Do I use my body optimally?
- What is the quality of my current diet?
- Do I get enough sleep?
- Am I managing my energy well each day?
- How do I manage daily stress?
- Do I have good posture and poise?
- What can I do to improve my ability to observe the world around me?
Do I know what I want?
- What achievements would make me really excited?
- What “states of being” do I want to experience each day?
- Are my priorities and values clearly defined?
- Am I capable of making decisions quickly and confidently?
- Do I consistently focus my attention on what I want vs. what I don’t want?
What am I afraid of?
- Have I created an honest and complete list of the fears I’m holding on to?
- Have I confronted each fear to imagine how I would handle it if it came to pass?
- Am I capable of recognizing and correcting self-limitation?
- Am I appropriately pushing my own limits?
Is my mind clear and focused?
- Do I systematically externalize (write or record) what I think about?
- Am I making it easy to capture my thoughts quickly, as I have them?
- What has my attention right now?
- Am I regularly asking myself appropriate guiding questions?
- Do I spend most of my time focusing on a single task, or constantly flipping between multiple tasks?

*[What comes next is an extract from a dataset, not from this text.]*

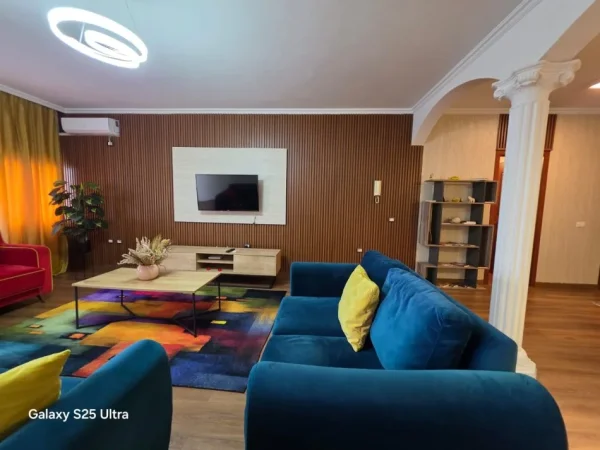 Tirane, jepet me qera apartament 2+1 Kati 4, (Rr. Him Kolli)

- Do I spend enough time actively reflecting on my goals, projects, and progress?
Am I confident, relaxed, and productive?
- Have I found a planning method that works for me?
- Am I “just organized enough”?
- Do I have an up-to-date list of my projects and active tasks?
- Do I review all of my commitments on a regular basis?
- Do I take regular, genuine breaks from my work?
- Am I consciously creating positive habits?
- Am I working to shed non-productive habits?
- Am I comfortable with telling other people “no”?
How do I perform best?
- What do I particularly enjoy?
- What am I particularly good at doing?
- What environment do I find most conducive to doing good work?
- How do I tend to learn most effectively?
- How do I prefer to work with and communicate with others?
- What is currently holding me back?
What do I really need to be happy and fulfilled?
- How am I currently defining “success”?
- Is there another way of defining “success” that I may find more fulfilling?
- How often do I compare myself to my perceptions of other people?
- Am I currently living below my means?
- If I could only own 100 things, what would they be?
- Am I capable of separating necessity and luxury?
- What do I feel grateful for in my life and work?
Since the turn of the year was not too long ago, I hope these questions cause a turn in how the rest of the year goes. A turn for the better – a sustainable “New Me”. Of course these questions alone will not necessarily result in a change, they need to be accompanied by corresponding actions with a long term view! So, do I think that “New Year, New Me” is based on a fallacy that the turn of the year year automatically ushers in a new self? I think so, but I do not know for sure. What I do know for sure is that as the year progresses, I hope I will still be a regular at the tennis courts.
All the best for 2019 and remember to put your best foot forward, everyday!